(COLLECTED DATA begins)
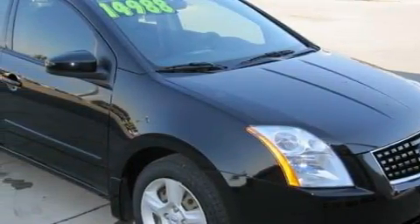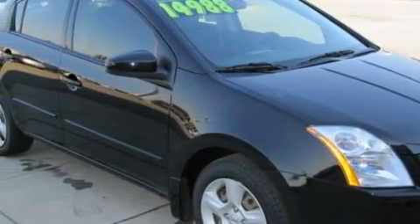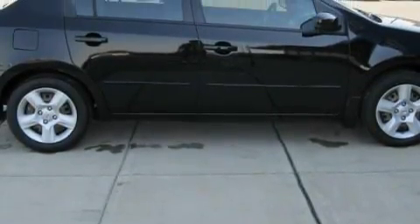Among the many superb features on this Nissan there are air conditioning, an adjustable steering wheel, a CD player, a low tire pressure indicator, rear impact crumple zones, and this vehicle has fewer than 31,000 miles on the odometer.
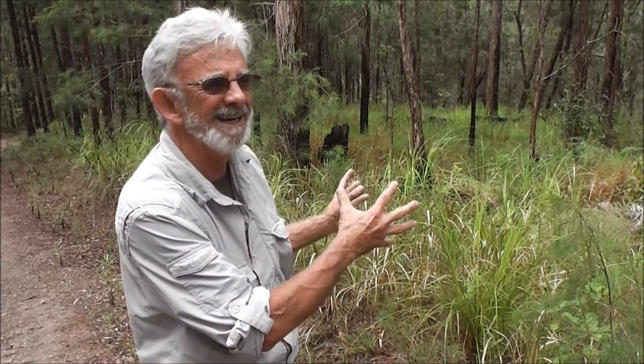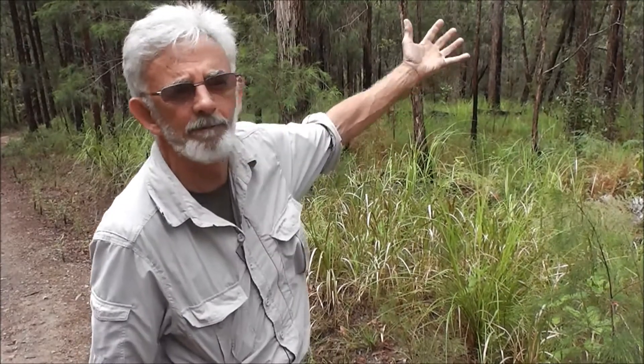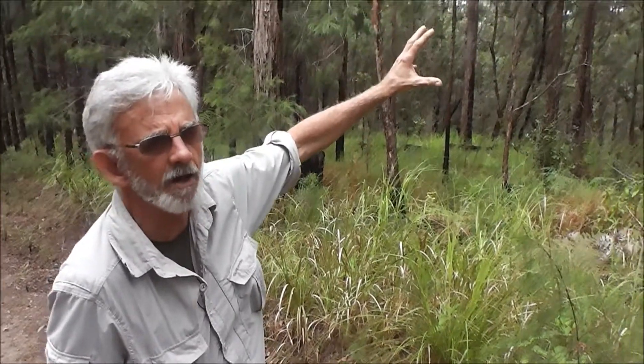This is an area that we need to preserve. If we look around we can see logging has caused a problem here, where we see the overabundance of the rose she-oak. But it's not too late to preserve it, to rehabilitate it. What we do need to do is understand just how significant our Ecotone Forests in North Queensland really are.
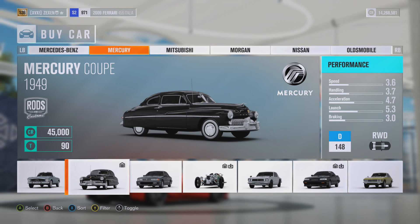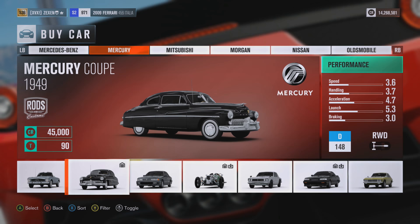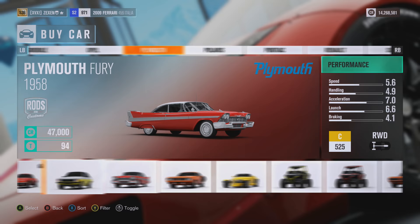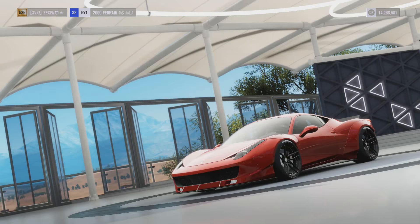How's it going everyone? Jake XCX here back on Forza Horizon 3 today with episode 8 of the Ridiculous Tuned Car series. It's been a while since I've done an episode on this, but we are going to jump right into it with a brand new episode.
(COLLECTED DATA ends)
TASK REQUIREMENTS:
Word for word, return the listing above; the pictures do not belong in the copy.

RESULT OF THE TASK:
Among the many superb features on this Nissan there are air conditioning, an adjustable steering wheel, a CD player, a low tire pressure indicator, rear impact crumple zones, and this vehicle has fewer than 31,000 miles on the odometer.
This is an area that we need to preserve. If we look around we can see logging has caused a problem here, where we see the overabundance of the rose she-oak. But it's not too late to preserve it, to rehabilitate it. What we do need to do is understand just how significant our Ecotone Forests in North Queensland really are.
How's it going everyone? Jake XCX here back on Forza Horizon 3 today with episode 8 of the Ridiculous Tuned Car series. It's been a while since I've done an episode on this, but we are going to jump right into it with a brand new episode.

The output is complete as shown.